# Aquadive Bronze arrived .. Brown



## Victor Boyd (Feb 11, 2006)

Received my Aquadive Bronze today and what an amazing piece it is .

The Attention to detail all around is wonderful and I just love the Brown Dial and Brown DLC Indices ... the Brown Isofrane with Brown DLC Buckle really is a wonderful touch .

Look forward to watching this baby Patina over time .

Cheers,
Vic


----------



## nellipj (Nov 27, 2011)

Looks Fantastic! Congratulations.


----------



## arutlosjr11 (Dec 24, 2010)

Looks fantastic. Beautiful combo. My # 20 says hello!









Sent from my iPhone


----------



## Beano (Jun 27, 2010)

Looking good Vic. 

The patina on this watch will be interesting - How many of us go for the 'leave it to age' look v the keep it bright and clean...

Tick tock as I wait for #21 to be shipped....

Enjoy your new acquisition.

Regards

Beano


----------



## Ames (Feb 2, 2008)

Beano said:


> Looking good Vic.
> 
> The patina on this watch will be interesting - How many of us go for the 'leave it to age' look v the keep it bright and clean...
> 
> ...


Is it even possible to keep bright?


----------



## Beano (Jun 27, 2010)

Yep. Many metal polishes (e.g. Brasso) will remove the patina fairly easily and return the metal to its factory fresh shine.

I think this is very much personal taste. For me, I will let mine age and see how it looks.#

Regards

Beano


----------



## Ames (Feb 2, 2008)

Beano said:


> Yep. Many metal polishes (e.g. Brasso) will remove the patina fairly easily and return the metal to its factory fresh shine.
> 
> I think this is very much personal taste. For me, I will let mine age and see how it looks.#
> 
> ...


I have a Margette that's getting a new case. I might have to try it and see what it does. Could be difficult on a watch.


----------



## totorol (Jan 22, 2012)

Ames said:


> I have a Margette that's getting a new case. I might have to try it and see what it does. Could be difficult on a watch.

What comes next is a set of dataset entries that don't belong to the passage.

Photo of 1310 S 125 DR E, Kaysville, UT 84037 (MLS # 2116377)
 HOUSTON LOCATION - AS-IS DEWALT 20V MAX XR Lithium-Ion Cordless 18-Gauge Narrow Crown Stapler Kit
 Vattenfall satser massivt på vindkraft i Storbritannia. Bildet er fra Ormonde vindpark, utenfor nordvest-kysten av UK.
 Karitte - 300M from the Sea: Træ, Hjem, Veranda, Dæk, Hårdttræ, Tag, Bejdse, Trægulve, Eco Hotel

I heard of using catchup can get patina off the bronze, and get back to shine again!
I will probably give it a try on day!!


----------



## arutlosjr11 (Dec 24, 2010)

@ Totorol: So did you decide to go with the AD after hearing back from them this morning? 


Sent from my iPhone


----------



## totorol (Jan 22, 2012)

Arutlosjr11!!

Of course, I placed an order of the brown dial!!
I am new here, haha.....and nice to meet you friendly people here!!

thx for all the help!

Tony


----------



## W. C. Bartlett (Feb 14, 2006)

Looks great Vic and it is obvious that Aquadivee has a winner.


----------